_What the task asks_
Retype all of the data word for word, without pictures.

_Collected data_
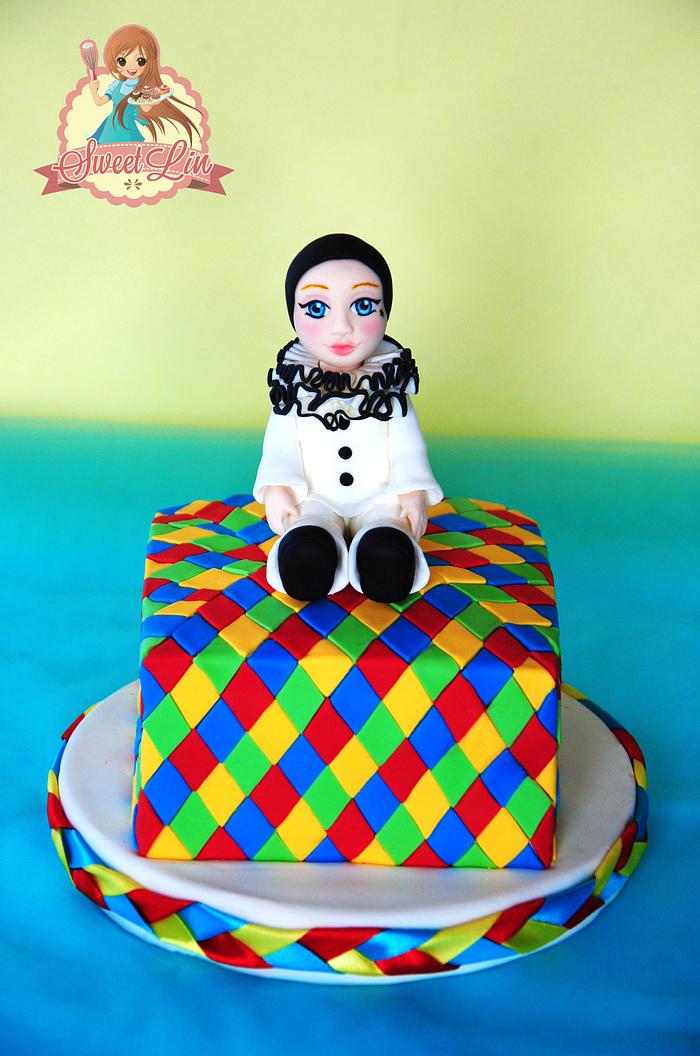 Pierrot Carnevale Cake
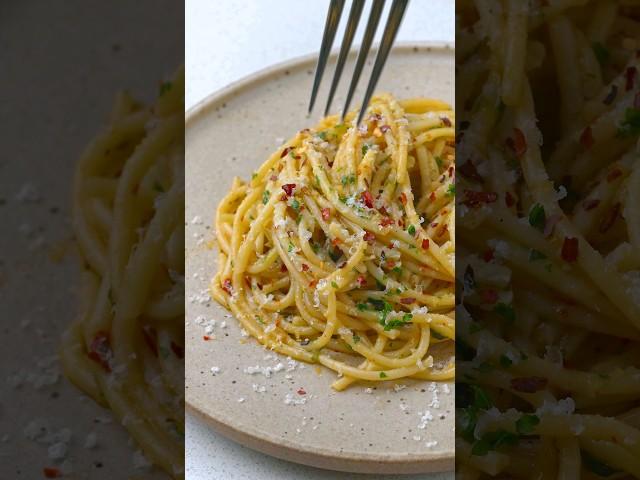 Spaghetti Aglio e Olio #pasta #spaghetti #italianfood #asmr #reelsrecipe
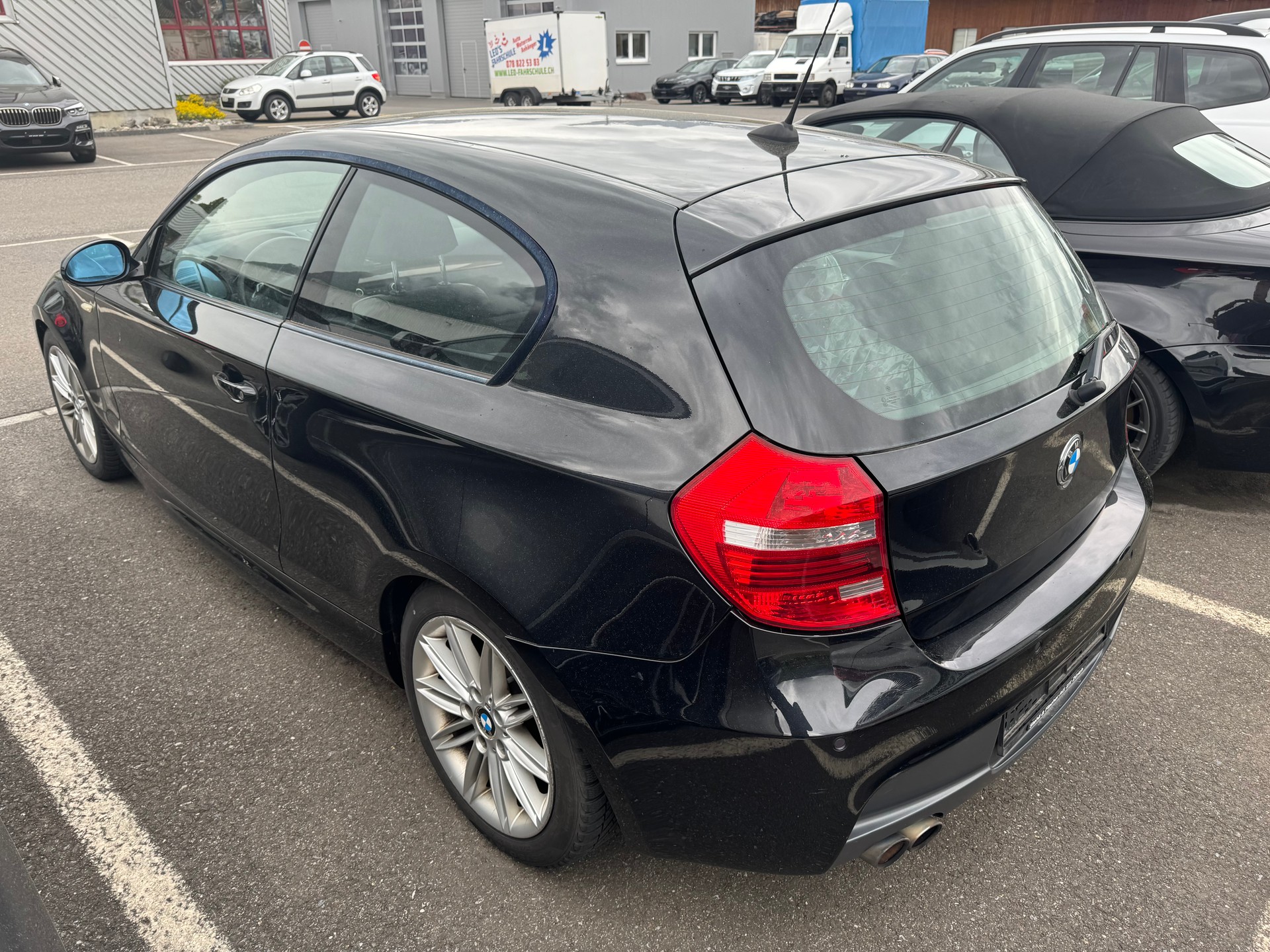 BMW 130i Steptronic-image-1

_Solution for this task_
 Pierrot Carnevale Cake
 Spaghetti Aglio e Olio #pasta #spaghetti #italianfood #asmr #reelsrecipe
 BMW 130i Steptronic-image-1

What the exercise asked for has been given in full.